N o somos pocos los que en numerosas ocasiones nos hemos quejado acerca del complicado trazado de las calles, la incomodidad de las reformas, lo poco que permanecen en verde los semáforos o la dificultad de circular por aceras invadidas permanentemente por motos o bicicletas. El problema no pasa de ser una mera cuestión de urbanidad o de civismo, pero, cuando se trata de personas discapacitadas se agudiza al punto de convertir las molestas rutinas diarias en obstáculos imposibles de salvar.

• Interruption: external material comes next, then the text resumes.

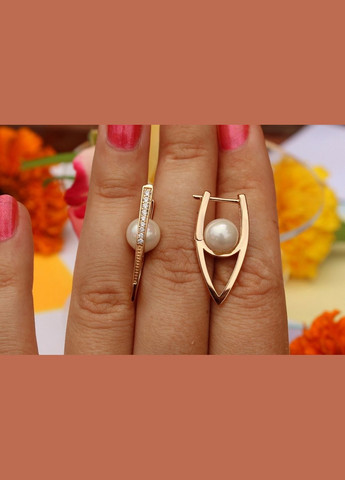 Серьги стрелки с жемчугом 2,7 см золотистые. Xuping Jewelry (316433677)
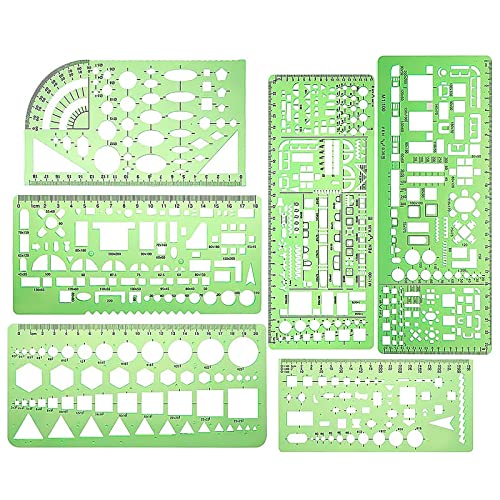 KOSHIFU 6 Stück Zeichenschablonen Technisches Zeichnen Zeichnungen Lineal Lochschablone Plastik Zeichnen Schablonen Geometrie Set für Büro Schule Gebäude Schalungen, Grün von KOSHIFU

Los ejemplos abundan en cada esquina. Imaginemos un recorrido que se inicia en autobús: ni una rampa de acceso con la que facilitar la subida a sillas de ruedas, personas con muletas o ancianos. Como expone gráficamente Fernando Marí, presidente de la Asociación de Enfermos de Esclerosis Múltiple: «Hasta un carrito de la compra soporta las complicaciones del ascenso». Optamos por un vehículo pero están ocupados. Sólo existen dos taxis adecuados a necesidades especiales por lo que decidimos ir a pie. Las obras y zanjas, en su mayoría sin señalizar, impiden realizar un trazado sin sobresaltos. Descorazonados, abandonamos nuestro paseo y realizamos una visita al cine. Quiza una película nos aleje de la realidad. Intento fallido porque gran parte de las instalaciones no están optimizadas para disminuidos físicos. Y eso son sólo unos pocos ejemplos. Cada colectivo, en función de su carencia, aborda cotidianamente distintos inconvenientes a los que añadir en sus ya de por sí duras rutinas. De ello da fe Carmen Soler, delegada de la Once en Eivissa: «Lógicamente las trabas no son las mismas para un ciego que para un paralítico».